Heather uses two types of base cloth for Skinny laMinx yardage and products: 100 percent cotton cloth and a 70/30 percent cotton/linen blend. Both are sourced from a large textile mill in King William’s Town, Eastern Cape, one of the few remaining mills in South Africa. Heather strives to keep all elements of supply and production for her business as environmentally friendly and local as possible. Her designs are printed at a workshop only twenty minutes from her Bree Street studio, using rotary screen printing and nontoxic water-based inks. The process is mechanized, but “it’s still very hands-on. It just doesn’t use as many muscles, and there’s a lot less waste than [with] other methods.”
Skinny laMinx products, such as pillows, aprons, table runners and napkins, tea towels, hats, and several styles of tote bags are cut and sewn in a studio above the shop. “Having an on-site workshop makes us very nimble in the shop, and it makes our customers very happy because it’s so easy for us to customize.” A cutter and four seamstresses create products in the studio, while nine additional team members manage and coordinate all other aspects of the business. “Although everyone on the team has a specific remit, we are all pretty familiar with all aspects of the business; so we’re able to help each other out when needed. It makes for a very cooperative and cohesive workplace, which we all seem to enjoy.”
Collaborations have featured Heather’s designs on a variety of products, such as wallpaper from Robin Sprong, a stationery collection with Chronicle Books, and a line of mid-century-inspired wooden chairs by Fechters, upholstered with Skinny laMinx canvas.

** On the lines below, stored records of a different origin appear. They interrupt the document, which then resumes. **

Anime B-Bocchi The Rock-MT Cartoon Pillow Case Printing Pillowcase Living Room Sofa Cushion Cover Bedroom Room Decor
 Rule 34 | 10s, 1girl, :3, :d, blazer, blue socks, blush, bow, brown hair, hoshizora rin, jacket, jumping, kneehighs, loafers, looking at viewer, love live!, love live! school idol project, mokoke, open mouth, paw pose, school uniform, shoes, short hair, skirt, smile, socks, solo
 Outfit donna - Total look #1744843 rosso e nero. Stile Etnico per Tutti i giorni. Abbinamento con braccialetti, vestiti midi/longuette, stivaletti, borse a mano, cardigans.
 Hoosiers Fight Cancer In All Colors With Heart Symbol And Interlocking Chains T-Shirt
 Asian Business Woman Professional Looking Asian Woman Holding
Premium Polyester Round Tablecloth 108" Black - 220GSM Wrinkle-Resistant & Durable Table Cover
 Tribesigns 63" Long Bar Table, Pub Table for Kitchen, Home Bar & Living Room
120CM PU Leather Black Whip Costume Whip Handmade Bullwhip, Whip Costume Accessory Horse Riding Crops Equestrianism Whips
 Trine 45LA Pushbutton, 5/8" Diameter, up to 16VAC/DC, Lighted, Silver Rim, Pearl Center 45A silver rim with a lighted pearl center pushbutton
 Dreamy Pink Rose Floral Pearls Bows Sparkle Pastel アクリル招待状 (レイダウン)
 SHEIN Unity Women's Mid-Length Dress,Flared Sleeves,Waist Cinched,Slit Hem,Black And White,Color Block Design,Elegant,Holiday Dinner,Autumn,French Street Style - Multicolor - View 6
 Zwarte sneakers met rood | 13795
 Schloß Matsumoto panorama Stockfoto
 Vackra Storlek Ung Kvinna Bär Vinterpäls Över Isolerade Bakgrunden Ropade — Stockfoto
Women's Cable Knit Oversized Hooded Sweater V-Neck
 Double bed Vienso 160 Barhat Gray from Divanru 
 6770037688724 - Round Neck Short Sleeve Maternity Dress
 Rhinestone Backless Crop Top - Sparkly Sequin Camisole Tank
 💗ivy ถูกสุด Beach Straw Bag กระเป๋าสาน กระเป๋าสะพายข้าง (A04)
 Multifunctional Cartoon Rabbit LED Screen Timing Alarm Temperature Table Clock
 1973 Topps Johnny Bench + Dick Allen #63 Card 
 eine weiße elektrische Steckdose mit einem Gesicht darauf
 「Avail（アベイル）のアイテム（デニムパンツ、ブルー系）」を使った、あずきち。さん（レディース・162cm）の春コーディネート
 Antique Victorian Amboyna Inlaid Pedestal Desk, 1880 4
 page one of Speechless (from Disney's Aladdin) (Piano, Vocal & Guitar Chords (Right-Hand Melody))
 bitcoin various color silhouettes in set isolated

Heather describes her design flow and the creation of fabric collections as a somewhat mysterious process:
I always compare it to when you’re looking at a star in the sky and you can’t really see it; but if you look off to the side, you see it better. I make a lot of stuff all the time. Most of the time I don’t know why— I’m doing it just to make things. I have another studio where I can make a mess; it might be cut paper, ink drawings, block printing, or linocutting. I cut things out of magazines. Then I pin it all up, I look at it and pull things together, and a story eventually reveals itself. It’s a bit of a sideways approach. I like to catch myself by surprise.
Heather captures inspiration from everyday objects, such as cups and cutlery, shapes and shadows of plants, and architectural elements. She is also inspired by her travels, teaching classes in block printing and pattern design in India and Portugal. A 2019 Skinny laMinx collection featured images of suns after Heather traveled to Switzerland and visited a retrospective show of mid-century modern design icon Alexander Girard. “With all the suns he used, I just found myself drawing suns and noticing suns, and eventually they all kind of came together. I was doing a lot of soul-searching, too, and thinking about what’s happening to the world and how everything’s going pear-shaped! It’s about the value of optimism, too.”
When Heather feels pessimistic, she reminds herself of the goals she espouses for herself and Skinny laMinx. The business deals in matters of style and decoration, and she firmly believes that humans need beauty to thrive. But Heather is also keenly aware that for many people, having enough food and money is a far more pressing concern. “Really,” she says, “I’m trying to build a resilient business and create a positive work culture.”
“In the past, work like mine would have been invisible except to friends and neighbors—these days, a person’s tryouts and experiments can turn into a business!”